Mike Leahy, natural community ecologist for MDC and an MPF technical advisor, served as a guide for both tours. “Tallgrass prairie and other native grassland natural communities contribute to what makes Missouri the unique and special place on our exquisite planet that we all call home.”
On September 12, MPF members and other outdoor enthusiasts from across the state enjoyed a guided hike to learn about Missouri’s Old-Growth Pine Forest acquired by the L-A-D Foundation in 1996 and managed by Pioneer Forest LLC. This 41-acre tract is along Highway 19 on a ridge high above the Current River Valley, near Round Spring, features old-growth short-leaf pine. Neal Humke, Land Stewardship Coordinator with the L-A-D Foundation, co-led the hike and explained that Pioneer Forest is using management methods that protect larger and older short-leaf pine trees, while encouraging characteristic grasses, shrubs, and flowering plants on the pine woodland floor.

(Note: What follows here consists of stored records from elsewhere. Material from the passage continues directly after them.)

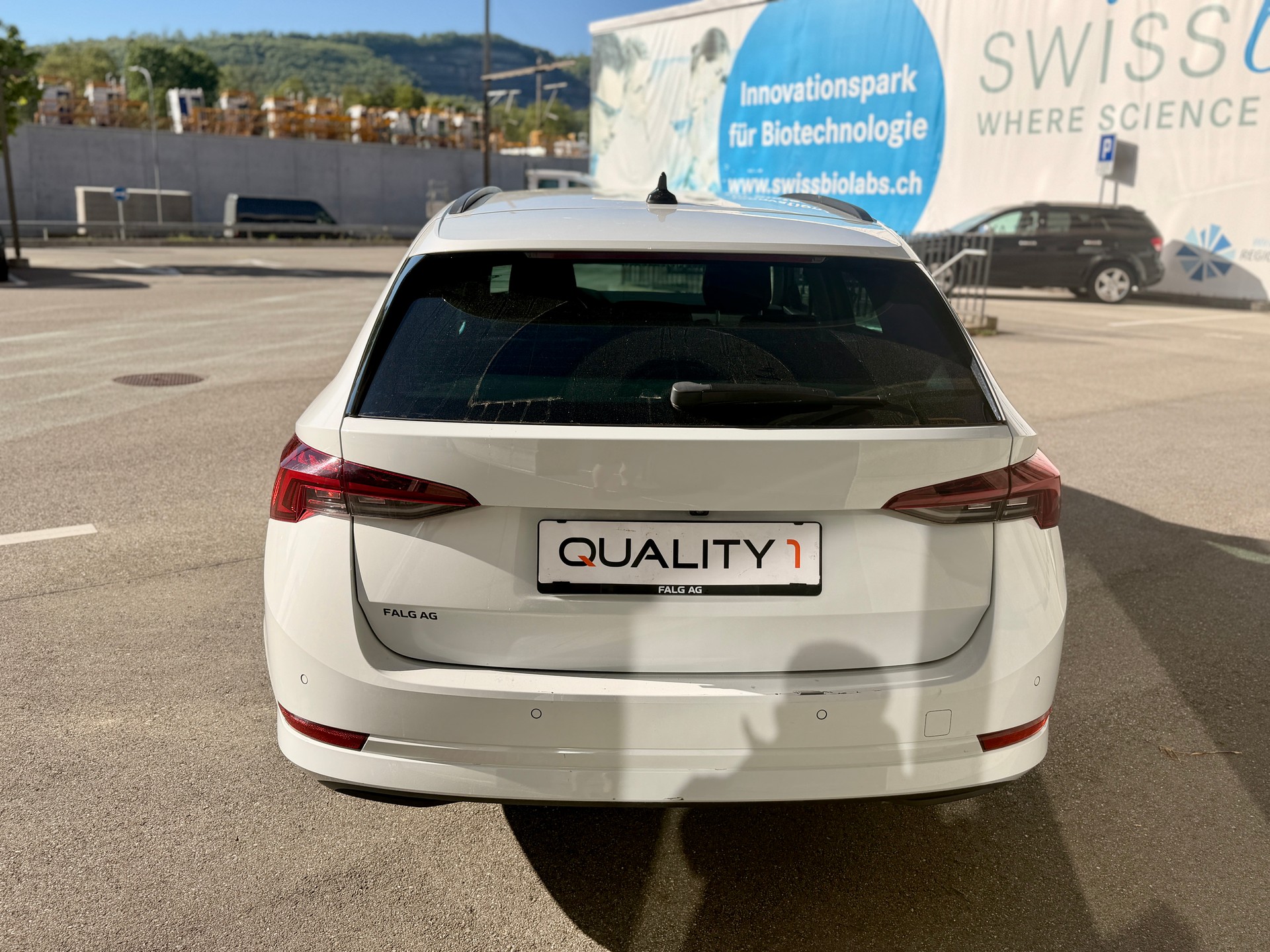 SKODA Octavia Combi 2.0 TDI DSG Style 4x4-showroom-element-3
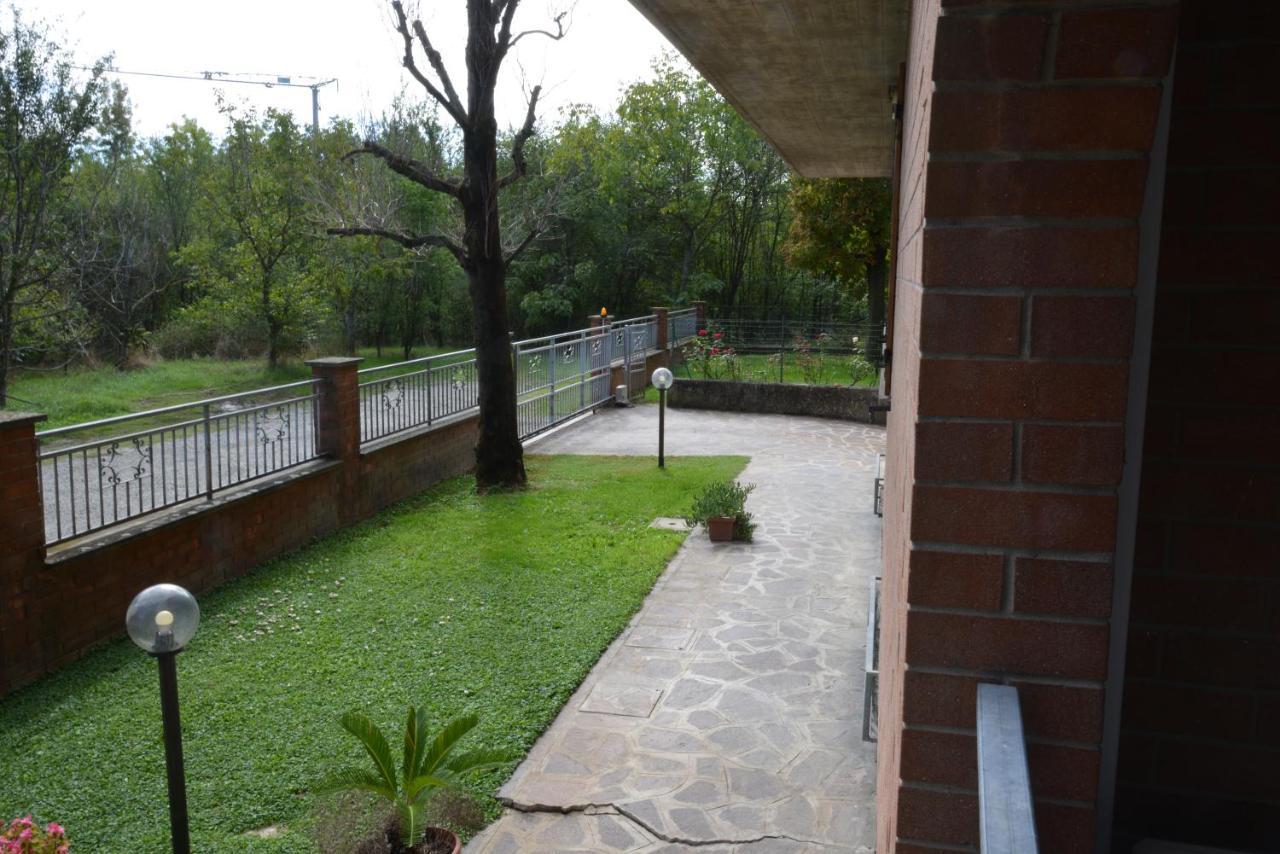 Villa Ferrari Oriella Solignano Nuovo Bagian luar foto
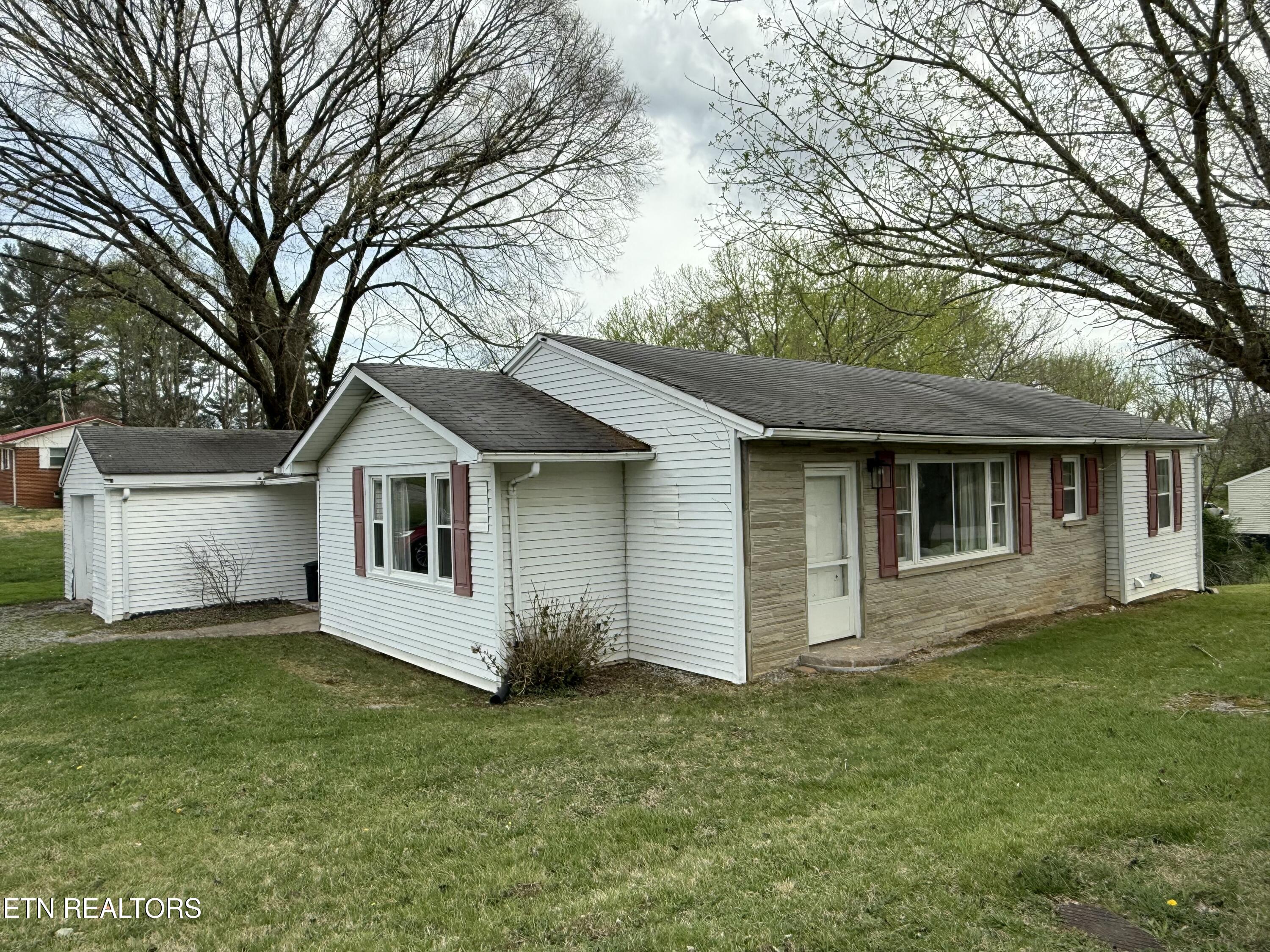 1625 Cedar Lane Property Photo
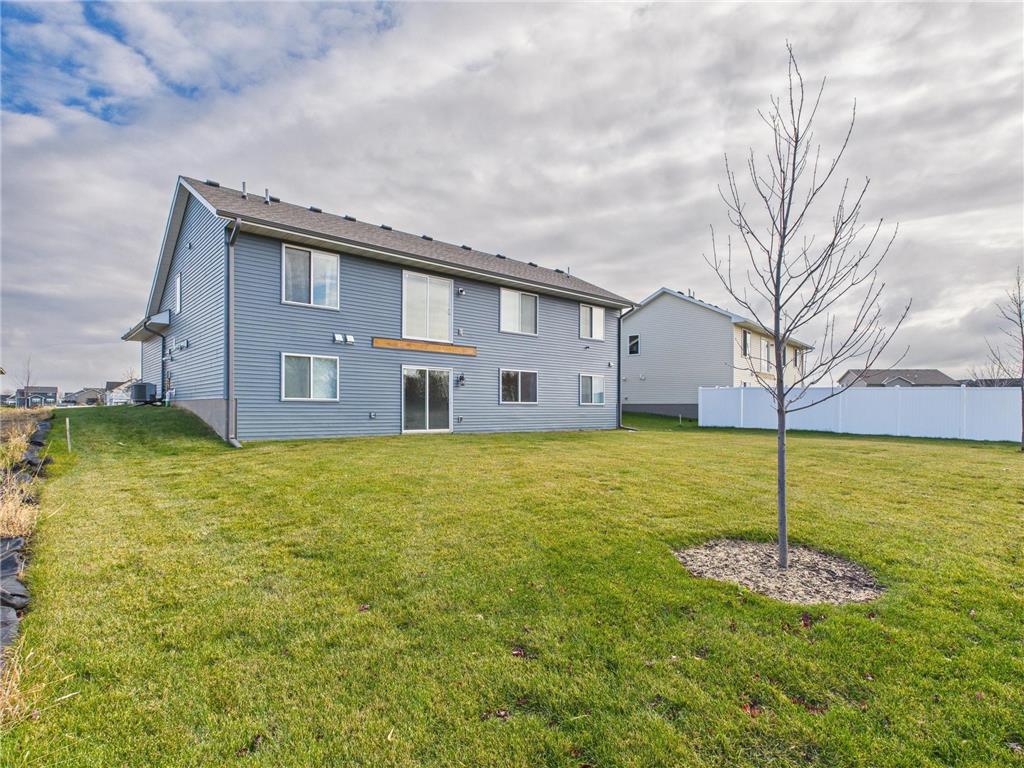 17775 Empire Trail Lakeville MN 55044 6775623 image34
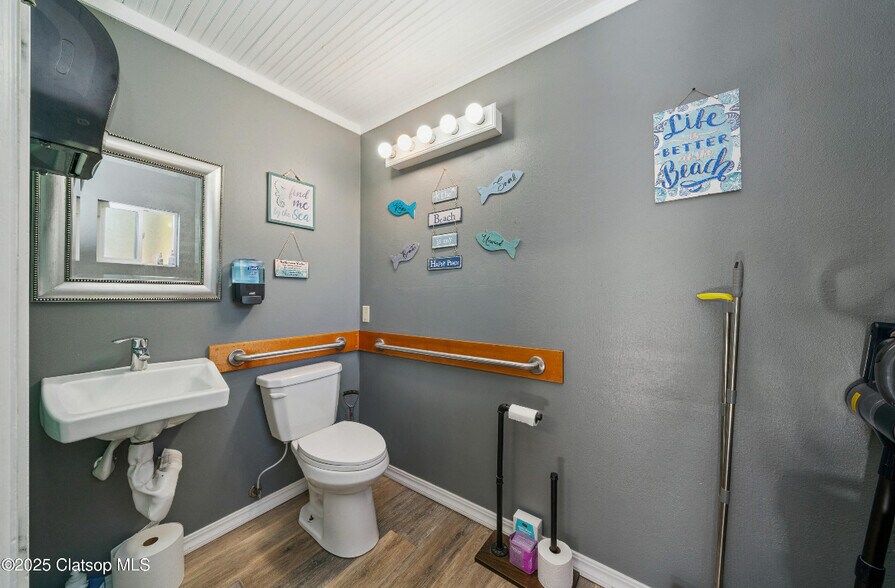 More Photos Of 186 Laneda Ave, Manzanita Storefront Retail Office For Sale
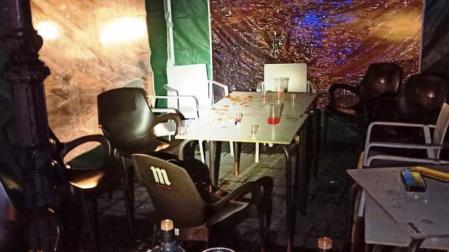 La Policía Foral sorprende a ocho personas en un botellón tras las quejas vecinales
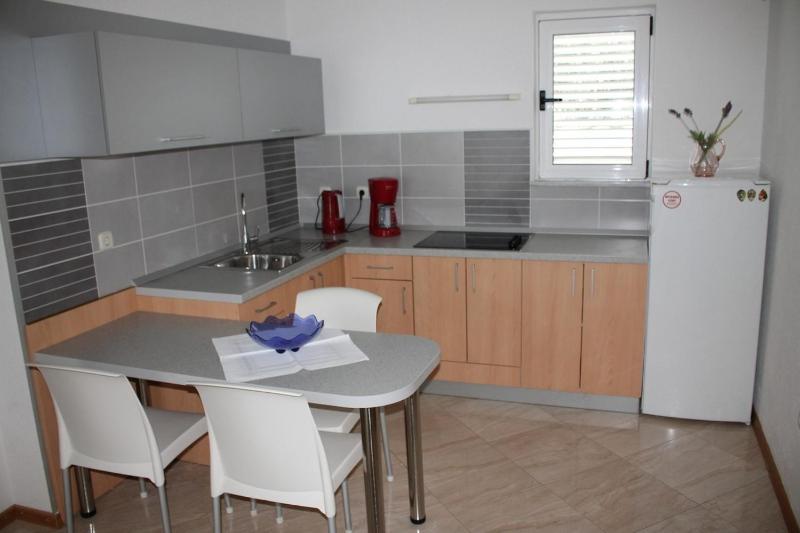Apartments with parking space Makarska - 21911 - image 23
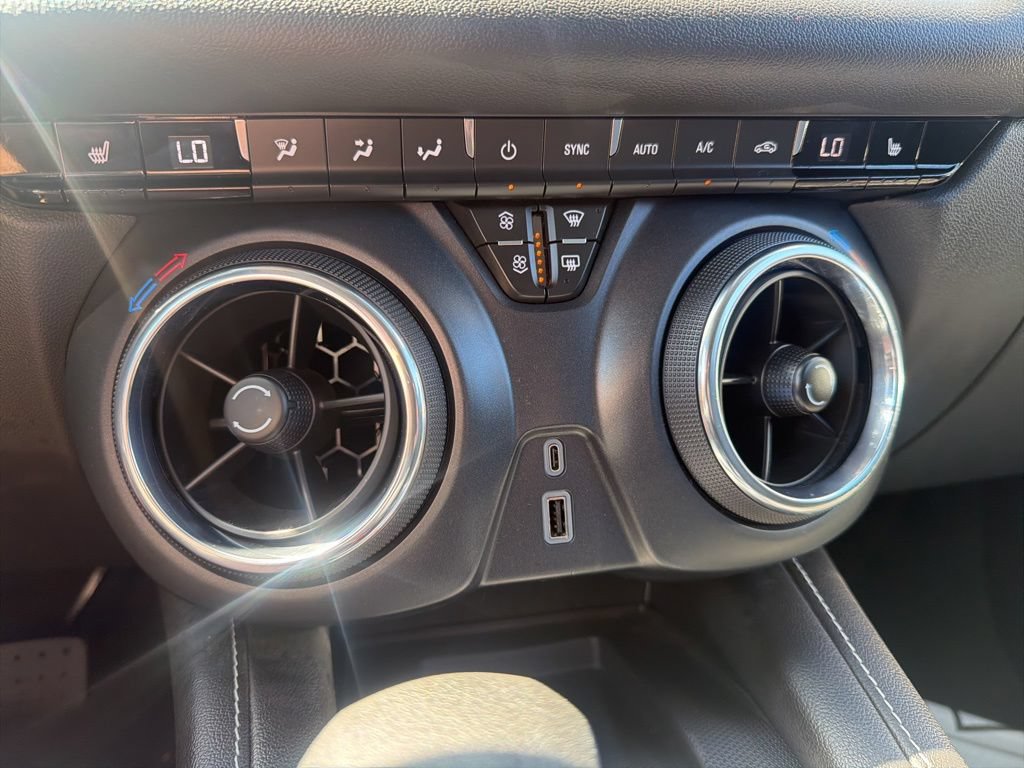 Used 2023 Chevrolet Blazer LT w/ Convenience Package AWD/4WD image 16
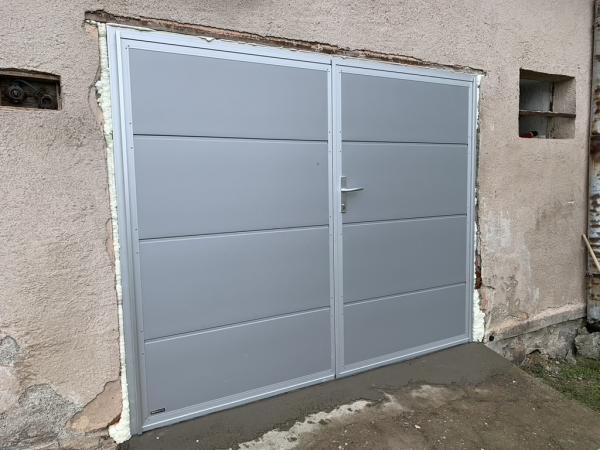 Kétszárnyas garázskapu ETILA WIND | sima panel | hagyományos színek 2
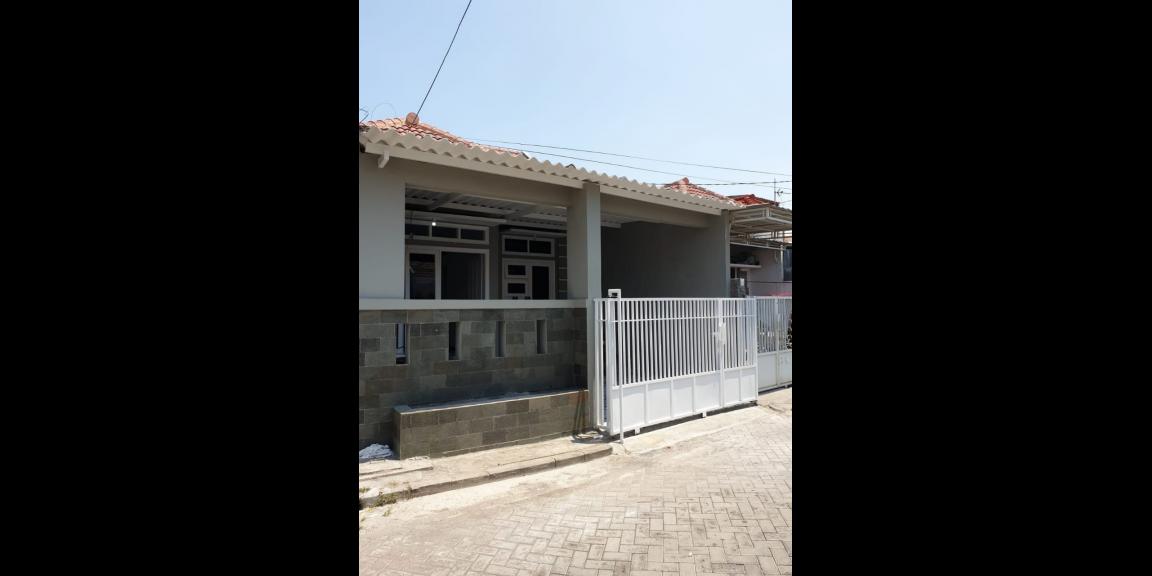 Jual Rumah Bagus SHM Taman Wiguna Selatan Surabaya Jual Rumah Bagus SHM Taman Wiguna Selatan Surabaya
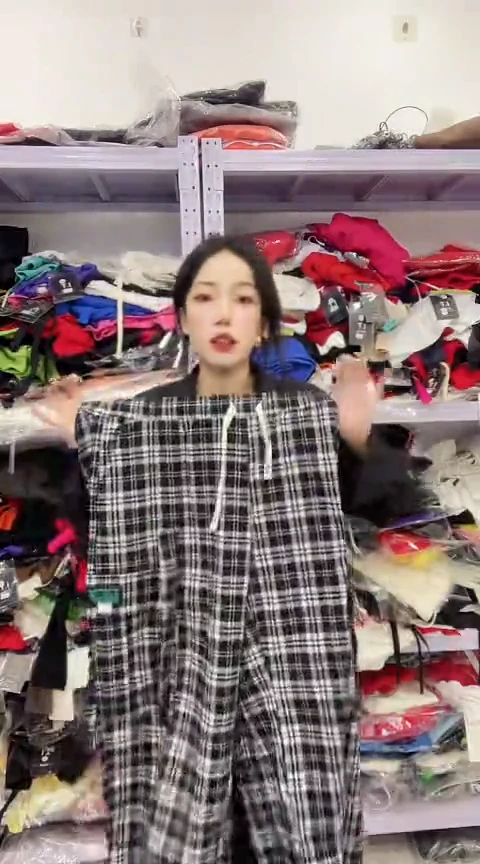 闪光购精品女装86L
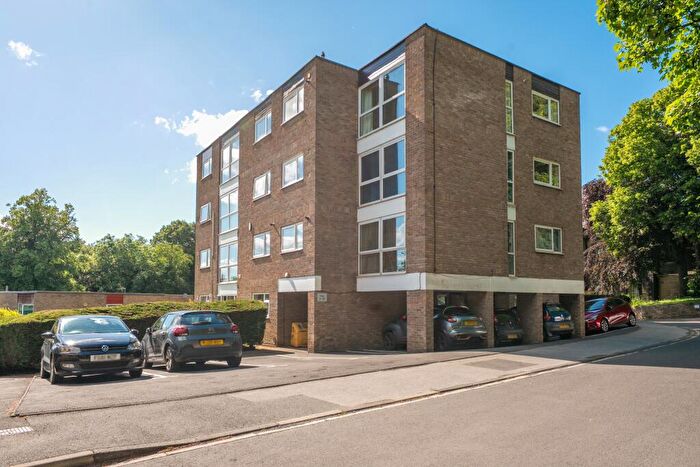 1 Bedroom Flat For Sale In Gledhow Wood Close, Gledhow, Leeds, LS8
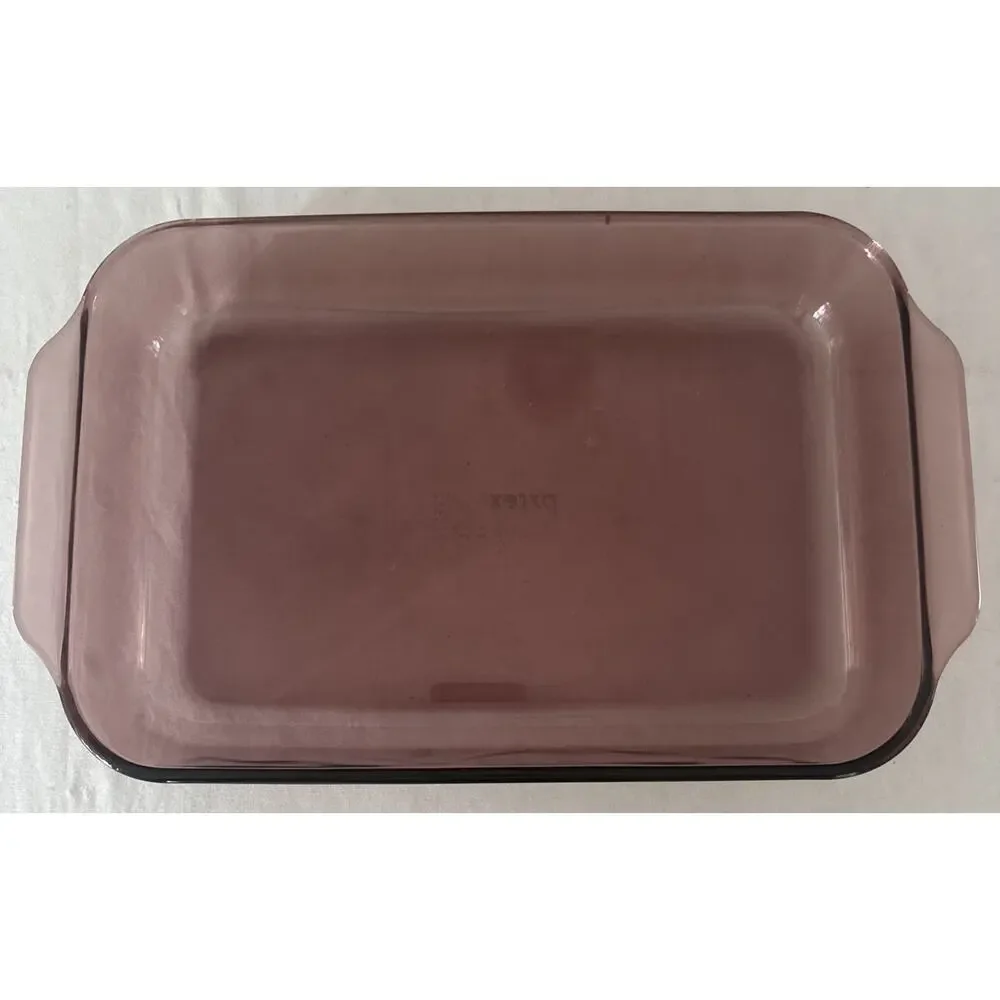 Pyrex Cranberry Purple 3 Quart 13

As noted on the L-A-D website, in the late 1800s shortleaf pine was estimated to cover as many as 4.2 million acres of the Ozarks. In 1993 Dr. Richard Guyette, dendrochronologist with the University of Missouri-Columbia, sampled several large, old trees and estimated they began growing here in 1791. From Guyette’s other work in Missouri we know shortleaf pine can grow beyond 300 years. By the 1900s the large shortleaf pineries were being cut in southern Missouri. The large pines found here and the more extensive pine forests that surrounded it were home to the last recorded red-cockaded woodpecker in Missouri. Five birds were last observed in June of 1946 the same year that logging began.
Visit the L-A-D Foundation website to learn more about Missouri’s Virgin Pine (a.k.a Old-Growth) Forest.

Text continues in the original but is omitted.